§ PROBLEM STATEMENT
From the entries below, please output exactly the lines starting at the one containing "Chanel Lambskin Quilted" and ending at the one containing "Marco Asensio of", both included.

==== EXTRACTED MATERIAL

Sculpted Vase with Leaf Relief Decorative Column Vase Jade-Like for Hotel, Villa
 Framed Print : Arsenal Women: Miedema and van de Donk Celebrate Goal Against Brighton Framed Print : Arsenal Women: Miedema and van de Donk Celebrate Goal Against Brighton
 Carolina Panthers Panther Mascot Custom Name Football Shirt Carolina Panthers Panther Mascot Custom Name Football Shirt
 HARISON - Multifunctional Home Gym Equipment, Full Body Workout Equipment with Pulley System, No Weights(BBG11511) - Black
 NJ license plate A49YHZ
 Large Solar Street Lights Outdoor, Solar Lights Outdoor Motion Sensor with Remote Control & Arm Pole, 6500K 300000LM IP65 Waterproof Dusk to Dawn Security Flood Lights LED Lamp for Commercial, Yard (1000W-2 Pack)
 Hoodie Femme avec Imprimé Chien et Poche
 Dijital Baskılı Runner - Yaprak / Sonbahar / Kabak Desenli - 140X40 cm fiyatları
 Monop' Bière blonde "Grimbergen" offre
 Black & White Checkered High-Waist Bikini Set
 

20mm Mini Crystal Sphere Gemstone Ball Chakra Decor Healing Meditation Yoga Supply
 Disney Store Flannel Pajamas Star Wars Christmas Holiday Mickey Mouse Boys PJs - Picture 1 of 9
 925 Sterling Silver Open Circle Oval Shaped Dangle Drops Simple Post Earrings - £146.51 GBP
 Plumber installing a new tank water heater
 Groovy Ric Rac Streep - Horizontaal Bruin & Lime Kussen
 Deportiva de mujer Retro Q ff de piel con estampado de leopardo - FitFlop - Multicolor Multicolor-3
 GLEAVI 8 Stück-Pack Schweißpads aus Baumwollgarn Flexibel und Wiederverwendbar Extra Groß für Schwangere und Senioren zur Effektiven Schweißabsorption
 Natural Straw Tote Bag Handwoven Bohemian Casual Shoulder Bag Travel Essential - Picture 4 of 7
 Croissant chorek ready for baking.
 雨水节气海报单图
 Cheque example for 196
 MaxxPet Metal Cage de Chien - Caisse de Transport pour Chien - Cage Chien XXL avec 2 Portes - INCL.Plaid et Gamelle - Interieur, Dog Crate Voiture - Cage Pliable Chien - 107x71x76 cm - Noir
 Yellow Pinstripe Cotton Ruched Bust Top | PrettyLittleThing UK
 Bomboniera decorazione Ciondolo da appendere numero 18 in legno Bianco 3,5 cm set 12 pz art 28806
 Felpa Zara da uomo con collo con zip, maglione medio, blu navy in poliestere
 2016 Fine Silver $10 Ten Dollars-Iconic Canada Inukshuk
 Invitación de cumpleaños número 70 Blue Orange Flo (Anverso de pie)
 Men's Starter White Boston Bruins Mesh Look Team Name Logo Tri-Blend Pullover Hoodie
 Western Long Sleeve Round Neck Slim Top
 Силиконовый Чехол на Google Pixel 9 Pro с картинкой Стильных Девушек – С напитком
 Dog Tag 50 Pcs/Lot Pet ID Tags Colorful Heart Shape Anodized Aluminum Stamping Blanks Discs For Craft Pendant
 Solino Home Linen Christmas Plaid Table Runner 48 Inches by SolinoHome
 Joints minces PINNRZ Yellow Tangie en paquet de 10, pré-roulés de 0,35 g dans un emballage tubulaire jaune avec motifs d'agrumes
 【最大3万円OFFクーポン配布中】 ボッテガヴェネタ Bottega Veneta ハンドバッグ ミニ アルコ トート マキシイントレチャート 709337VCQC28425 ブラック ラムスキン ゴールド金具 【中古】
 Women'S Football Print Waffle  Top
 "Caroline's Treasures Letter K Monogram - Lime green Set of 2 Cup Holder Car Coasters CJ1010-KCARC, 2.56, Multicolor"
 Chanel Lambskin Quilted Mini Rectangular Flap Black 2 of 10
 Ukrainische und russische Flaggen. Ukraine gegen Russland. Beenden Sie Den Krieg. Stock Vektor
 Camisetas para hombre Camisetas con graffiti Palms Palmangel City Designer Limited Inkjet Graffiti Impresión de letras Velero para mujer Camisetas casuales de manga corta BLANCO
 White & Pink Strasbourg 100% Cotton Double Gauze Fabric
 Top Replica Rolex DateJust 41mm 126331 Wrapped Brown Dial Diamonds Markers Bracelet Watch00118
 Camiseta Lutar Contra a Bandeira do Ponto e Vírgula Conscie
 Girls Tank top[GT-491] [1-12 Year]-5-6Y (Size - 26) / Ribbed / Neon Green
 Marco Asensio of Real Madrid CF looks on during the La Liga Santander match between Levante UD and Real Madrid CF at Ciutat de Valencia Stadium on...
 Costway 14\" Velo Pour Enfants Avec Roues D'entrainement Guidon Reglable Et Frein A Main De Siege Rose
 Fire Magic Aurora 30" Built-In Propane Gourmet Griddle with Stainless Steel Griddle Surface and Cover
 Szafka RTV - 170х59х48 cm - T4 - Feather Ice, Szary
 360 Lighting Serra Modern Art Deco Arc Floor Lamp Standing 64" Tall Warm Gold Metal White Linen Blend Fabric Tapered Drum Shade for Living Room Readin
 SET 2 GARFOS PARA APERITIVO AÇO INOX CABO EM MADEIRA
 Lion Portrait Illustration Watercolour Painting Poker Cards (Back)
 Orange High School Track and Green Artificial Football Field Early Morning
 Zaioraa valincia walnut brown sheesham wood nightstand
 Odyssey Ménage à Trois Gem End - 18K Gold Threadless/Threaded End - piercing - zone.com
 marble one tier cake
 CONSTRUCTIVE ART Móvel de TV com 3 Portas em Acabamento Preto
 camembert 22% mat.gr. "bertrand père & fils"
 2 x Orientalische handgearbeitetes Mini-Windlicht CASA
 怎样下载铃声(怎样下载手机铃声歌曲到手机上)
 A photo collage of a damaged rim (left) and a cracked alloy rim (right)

========

§ EXERCISE RESPONSE
 Chanel Lambskin Quilted Mini Rectangular Flap Black 2 of 10
 Ukrainische und russische Flaggen. Ukraine gegen Russland. Beenden Sie Den Krieg. Stock Vektor
 Camisetas para hombre Camisetas con graffiti Palms Palmangel City Designer Limited Inkjet Graffiti Impresión de letras Velero para mujer Camisetas casuales de manga corta BLANCO
 White & Pink Strasbourg 100% Cotton Double Gauze Fabric
 Top Replica Rolex DateJust 41mm 126331 Wrapped Brown Dial Diamonds Markers Bracelet Watch00118
 Camiseta Lutar Contra a Bandeira do Ponto e Vírgula Conscie
 Girls Tank top[GT-491] [1-12 Year]-5-6Y (Size - 26) / Ribbed / Neon Green
 Marco Asensio of Real Madrid CF looks on during the La Liga Santander match between Levante UD and Real Madrid CF at Ciutat de Valencia Stadium on...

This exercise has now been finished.